First, Rockefeller and Snowe are not the "government." They are two senators, one from each side of the aisle. Thus, their actions differ significantly from, for instance, the last six years of Rove-lead shakedown of corporate interests to fund the partisan advantage of the Republican party. (An effort, by the way, that the WSJ editorial board joined in as cheerleader-in-chief.)

Second, ExxonMobil does not attempt to speak to these public issues directly. Rather, it hides behind front groups that it funds lavishly.

Third, ExxonMobil does not fund science. It funds pseudo-science designed to advance its short-term economic interests at the expense of the commonwealth. Between 1998 and 2005, it gave over $2 Million to the Competitive Enterprise Institute ("CEI"), a right-wing think tank. See here. Further, according to Rockefeller and Snowe:
A study to be released in November by an American scientific group will expose ExxonMobil as the primary funder of no fewer than 29 climate change denial front groups in 2004 alone. Besides a shared goal, these groups often featured common staffs and board members. The study will estimate that ExxonMobil has spent more than $19 million since the late 1990s on a strategy of "information laundering," or enabling a small number of professional skeptics working through scientific-sounding organizations to funnel their viewpoints through non-peer-reviewed websites such as Tech Central Station.
It is a false analogy to compare, as the WSJ editorial does, ExxonMobil's and CEI's efforts to those of "the Pew Charitable Trusts, the Sierra Club, [and] Environmental Defense [sic]." These organizations have no predetermined economic interest in taking one side or the other in any scientific dispute. Obviously, that is not the case with respect to ExxonMobil. The recipients of its largess are intended to merely mouth the party-line.

Senators Rockefeller and Snowe have it precisely right:
ExxonMobil and its partners in denial have manufactured controversy, sown doubt, and impeded progress with strategies all-too reminiscent of those used by the tobacco industry for so many years.
And, one could add, all-too reminiscent of those used by the lead mining industry, the asbestos industry, etc.

Let's be candid here: ExxonMobil is not funding the "other side" in some spirited and free scientific debate. Rather, ExxonMobil is engaged, as the Senators say, in a campaign of misinformation designed to support its narrow economic interests.

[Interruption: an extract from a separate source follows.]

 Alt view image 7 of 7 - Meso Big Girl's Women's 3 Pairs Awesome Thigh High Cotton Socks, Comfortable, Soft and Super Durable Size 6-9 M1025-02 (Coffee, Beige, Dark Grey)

In an amicus brief in the case of Commonwealth of Massachusetts v.EPA, climate scientists David Battisti, William E. Easterling, Christopher Field, Inez Fung, James E. Hansen, John Harte, Eugenia Kalnay, Daniel Kirk-Davidoff, Pamela A. Matson, James C. McWilliams, Mario J. Molina, Jonathan T. Overpeck, F. Sherwood Rowland, Joellen L. Russell, Scott R. Saleska, Edward Sarachik, John M. Wallace, and Steven C. Wofsy, stated that:
The evidence of . . . changes [such as rising global temperatures, the shifting of plant and animal ranges, the global retreat of glaciers, and the retreat of arctic sea ice, with sea levels rising and oceans becoming more acidic], though attended by the uncertainty or caveats that appropriately accompany scientific knowledge, is nonetheless so compelling that it has crystallized a remarkable consensus within the scientific community: climate warming is happening, and human activities are very likely a significant causal factor. The nature of this consensus may be obscured in a public debate that sometimes equates consensus with unanimity or complete certainty.
To be blunt, large corporate interests are simply too well-heeled to allow them to have free rein in their efforts to influence the public debate, camouflaged by front groups. As we've seen with tobacco, lead, asbestos, auto design, and in so many other cases, the outcome of allowing this "corporate free speech" is all too often massive injury, sickness, and death.